I think you are right about the thick custard but that is how we make ours--all on the stove top and it is very easy to scramble it. But once you get the technique down it sure makes it easy to knock out 25 or 30 in one shot. I also think the final product is very good, the chef who taught me this went to school in Denmark for six years so maybe he knows something I don't.....I was suprised to see it done this way too, shocked is a better word but he is the pastry chef so.....I can post recipe if anyone is interested.


----------



## thebighat (Feb 21, 2001)

I tried this the other day and it worked. I used Jacque Pepin's recipe. 

1 cup milk
1 cup cream
4 yolks
1 egg
3 tb sugar
vanilla to taste.

cooked it in a double boiler, then put it in cups and baked it for 20 min. It worked perfectly. I think next time I would use two eggs and 3 yolks.


----------



## dominique (Jan 15, 2001)

fontzmark, I cook my brulees on the stove top too. In spite of the frantic stirring, I think it's tons easier. I prefer the texture too, a lot silkier than the oven baked. I've found that for my recipe the higher-fat creams will mess it up though. 
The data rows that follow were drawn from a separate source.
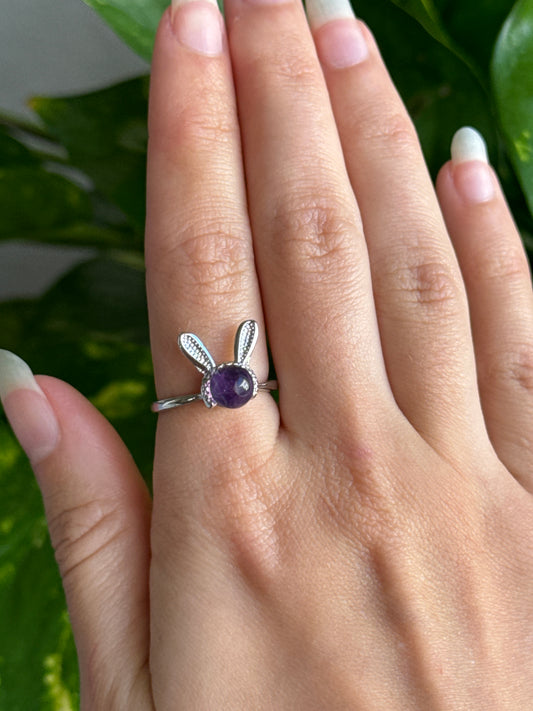 Amethyst Bunny Adjustable Ring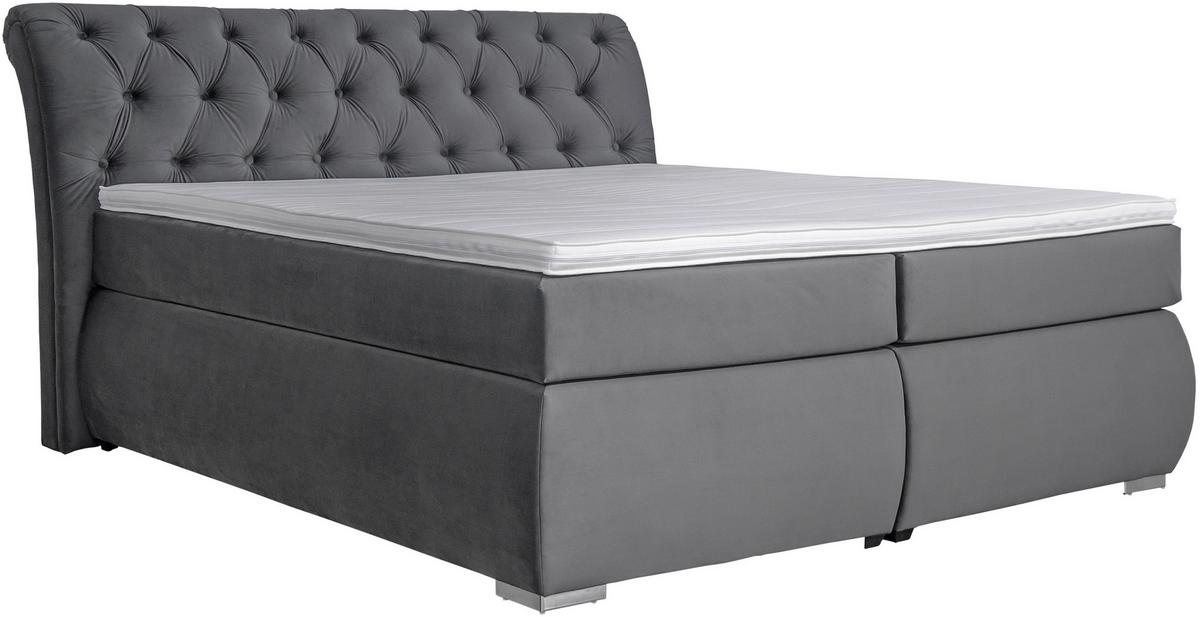 Boxspring Krevet Agnes - boje kroma/antracit, Basics, tekstil/plastika (180/200cm)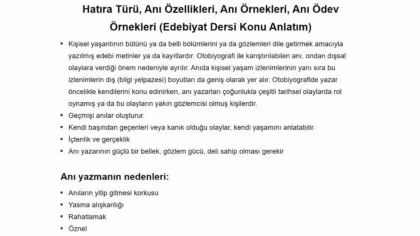 Hatıra Türü – Anı Özellikleri ve Ödev Örnekleri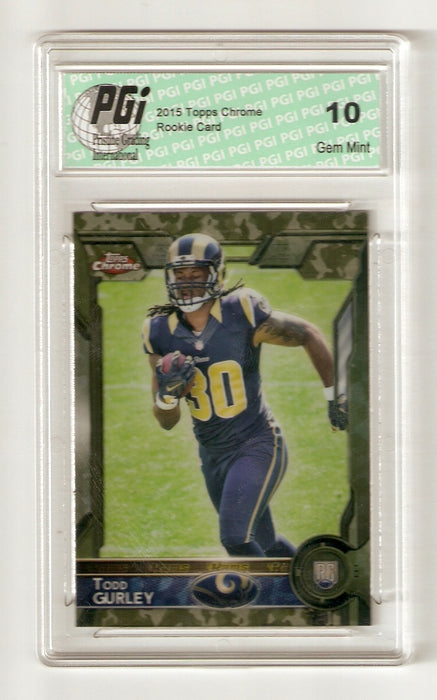 Todd Gurley 2015 Topps Chrome Camo Refractor #499 Made Rookie Card PGI 10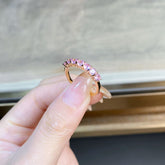 S925 Sterling Silver Pink Rhinestone Ring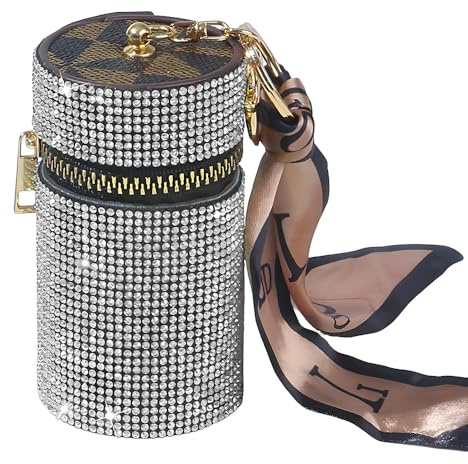 MINGZAIQIPEI Étui à rouge à lèvres brillant avec strass - En cuir - Organiseur de voyage pour sac à main, parfum et vernis à ongles, blanc, Portable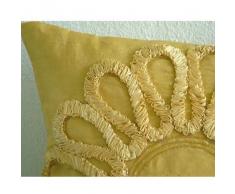 We All Blossom - Decorativa Funda de Cojin 35 x 35 cm, Square Oro Seda Satén Bordado de La Cinta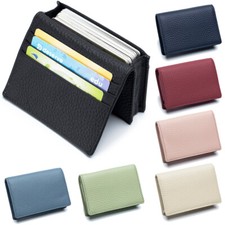 Genuine Leather Business Card Holder for Men Women Card Wallet Coin Pocket Purse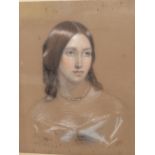 JAMES RANNIE SWINTON (1816-1888). A head and shoulder portrait study of an elegant young ladys,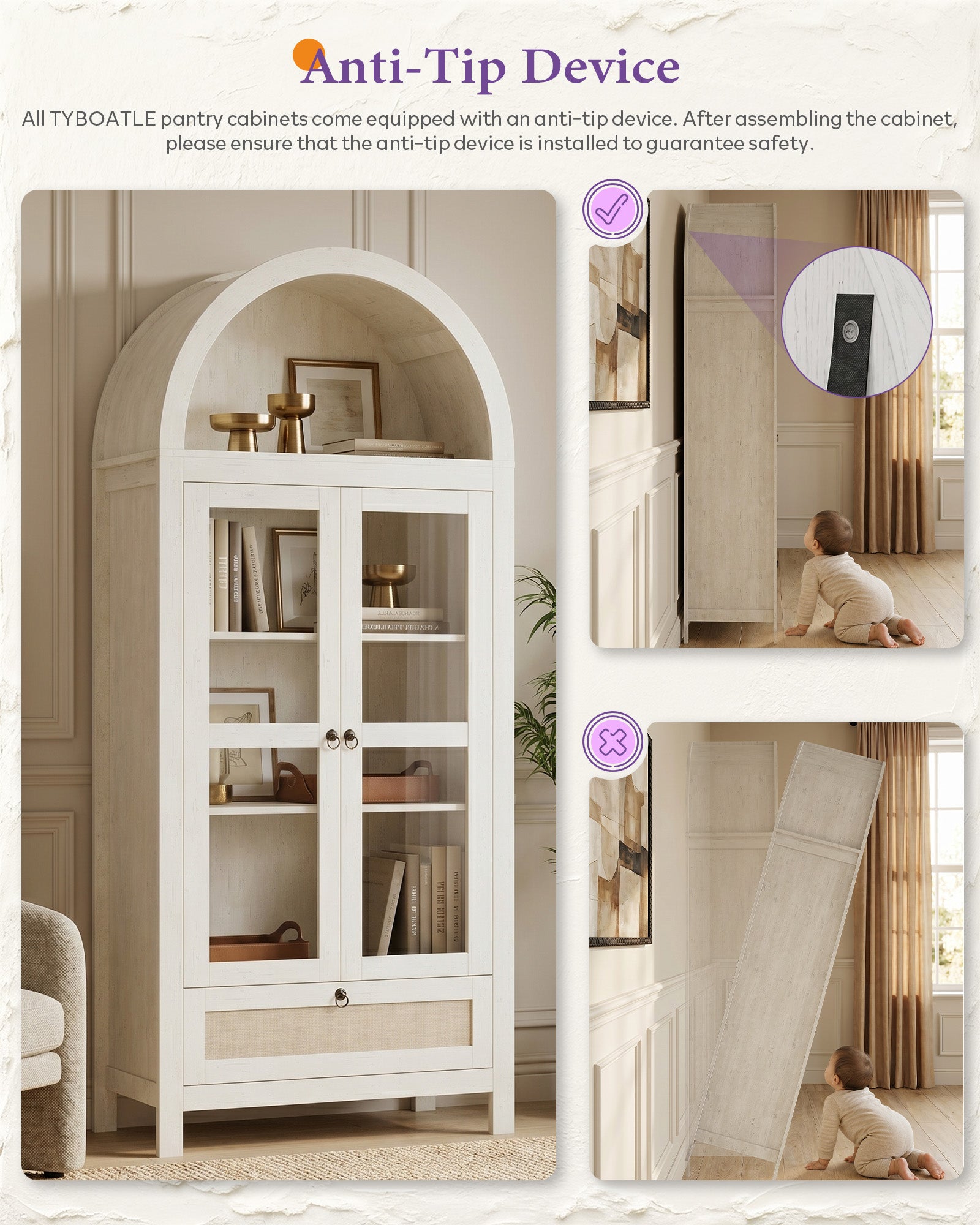 71'' Arched Pantry Cabinet, Arch Storage Cabinet w/Glass Door for Kitchen | Storage Cabinet with Innovative Drawer, Anti-Tip Device, Versatile Cupboard for Dining Room, Bathroom, Lobby, White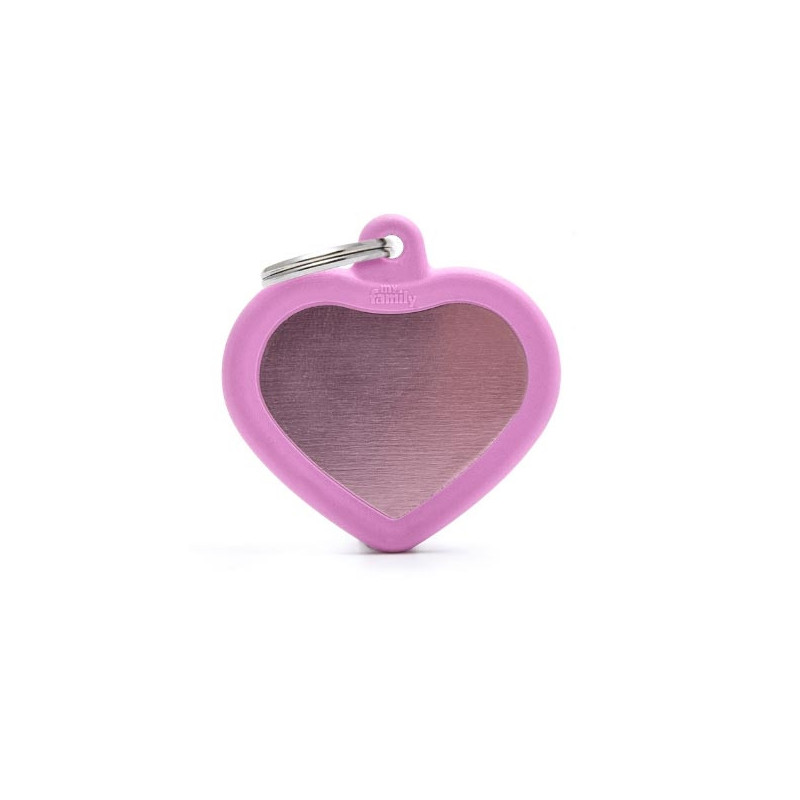 MY FAMILY Hushtag Tag Aluminum Pink Heart with Pink Rubber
I added an espresso brulee to the menu this month and it's been selling really well. I just add a tablespoon of the ground bean to the cream and cut out some of the vanilla. I'm pouring the mix in a coffee cup and they're serving it on a saucer just like a cup of coffee. A chocolate dipped spoon on the side for garnish and that's it but everyone loves it.


----------



## angrychef (Jan 15, 2001)

fontzmark, please post recipe. I would like to try it out, since all the creme brulees I have done have been in the oven. I will compare both techniques. Thanks.


----------



## mudbug (Dec 30, 1999)

Angrychef,

Here are lots of creme brulee recipes for you to browse not utilizing the oven.


----------



## fontzmark (Aug 13, 2000)

No Bake creme brulee

40 egg yolks
1 cup sugar
1 cup maple syrup
4 qts. heavy cream
4 van. beans split/scraped
1 cup orange liquor (Curaco or something)
4 oz. corn starch

mix yolks, sugar and syrup.
add beans to cream and bring to almost boiling on stove top ( use a heavy pot)
Make a slurry with the booze and starch.
When cream is hot, temper the egg mixture(I temper a lot of it, I wisk about half of the cream into the eggs.)
Pour the rest of the egg mixture into the cream. I do this whole process on high heat and move the pot on and off the flame. If your pot is very heavy and holds heat well this process can go very fast. Wisk like ****, so the eggs don't scramble and add the slurry, continue to cook until mix thickens slightly. Poor mixture into a clean bowl to stop the cooking action, I always have cooked stuff on the bottom of the pan. This is the hard part...knowing when you have cooked it enough...without scrambling it...after you have it in a bowl, strain the mixture into big plastic pitchers and working fast pour into your service cups.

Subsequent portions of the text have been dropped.